■ Records:
=== Begin Enclosure ===

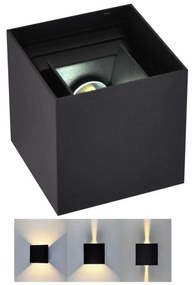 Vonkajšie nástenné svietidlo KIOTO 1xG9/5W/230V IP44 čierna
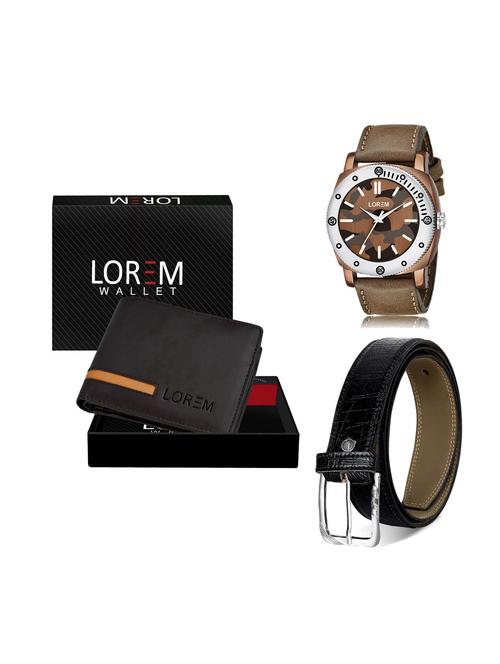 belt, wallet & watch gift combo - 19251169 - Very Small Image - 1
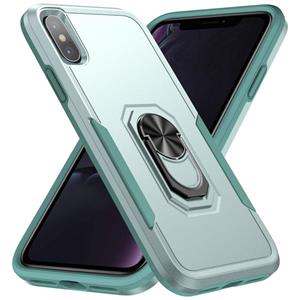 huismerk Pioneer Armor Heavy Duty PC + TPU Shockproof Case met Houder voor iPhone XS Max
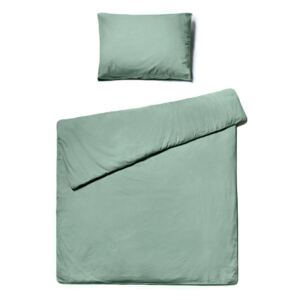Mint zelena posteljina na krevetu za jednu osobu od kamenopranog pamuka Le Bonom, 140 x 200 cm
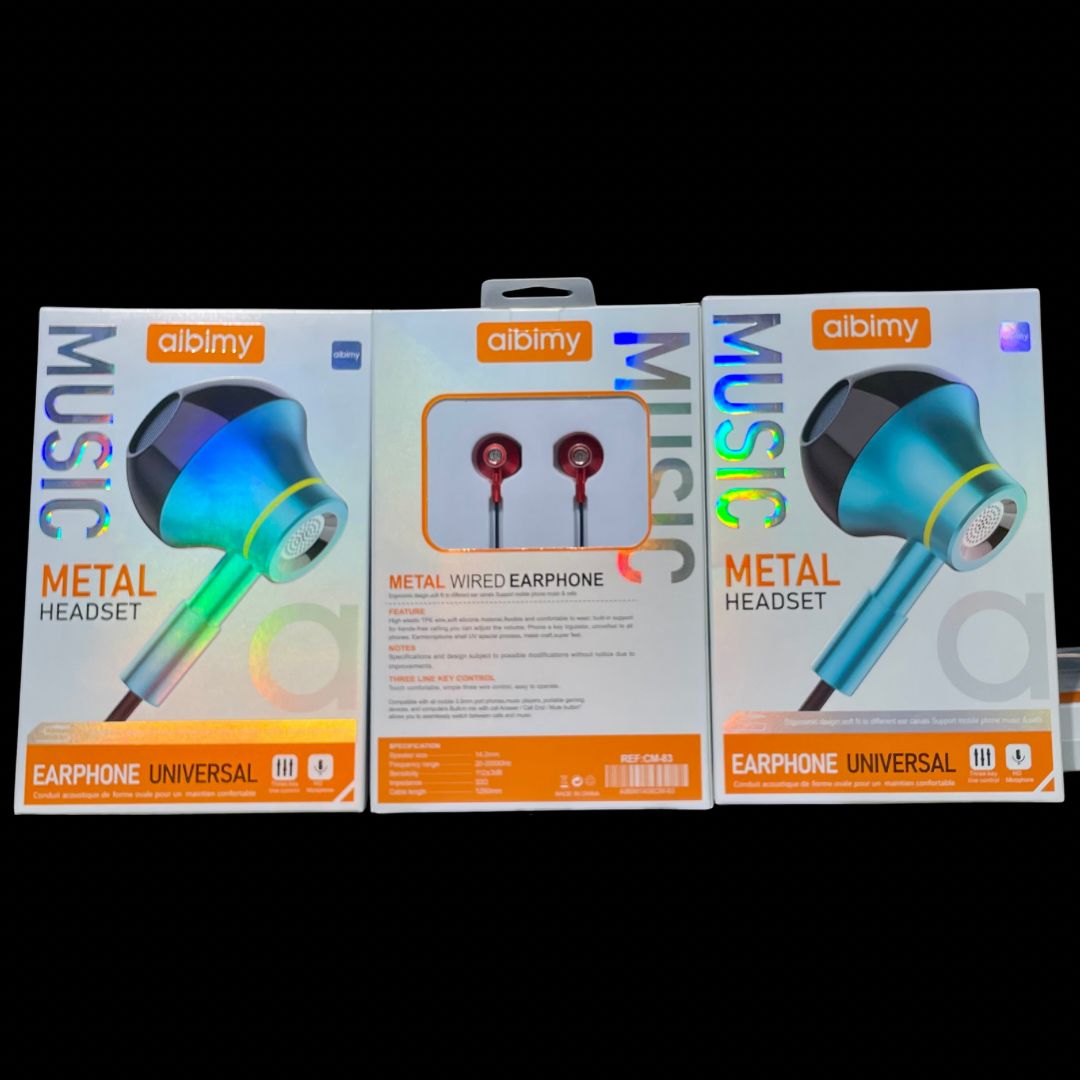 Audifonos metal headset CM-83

=== End Enclosure ===
=== Begin Enclosure ===

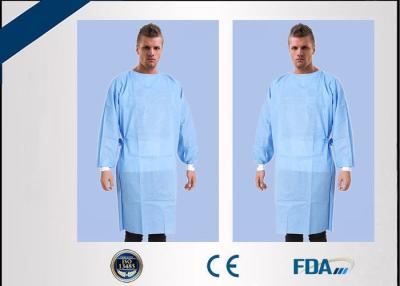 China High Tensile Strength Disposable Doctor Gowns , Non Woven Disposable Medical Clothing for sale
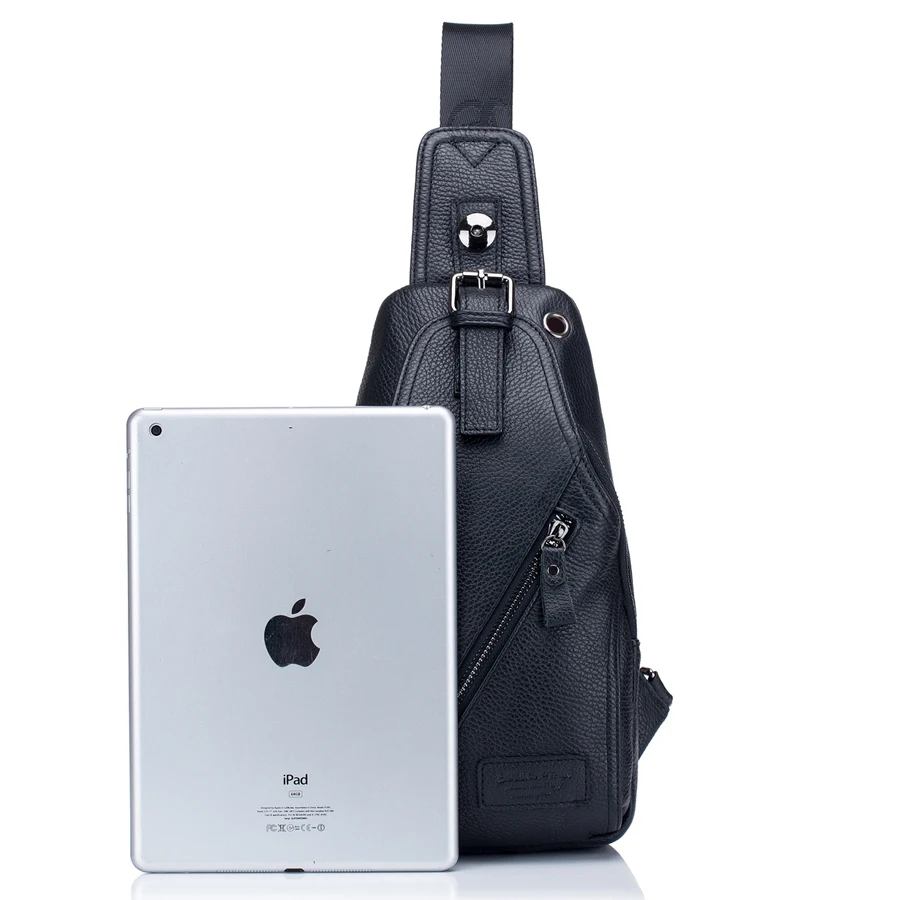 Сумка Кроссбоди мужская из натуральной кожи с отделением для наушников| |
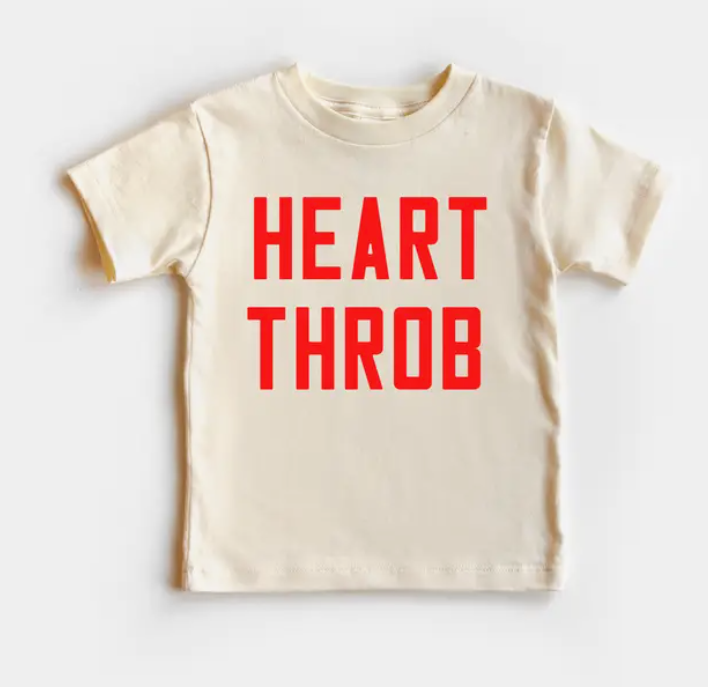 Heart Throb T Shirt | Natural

=== End Enclosure ===

■ Instructions for the task:
Beginning with the line holding "Сумка Кроссбоди мужская" in the material above, restate word for word each line through the line holding "Heart Throb T Shirt | Natural", and exclude pictures.

■ Final answer:
 Сумка Кроссбоди мужская из натуральной кожи с отделением для наушников| |
 Heart Throb T Shirt | Natural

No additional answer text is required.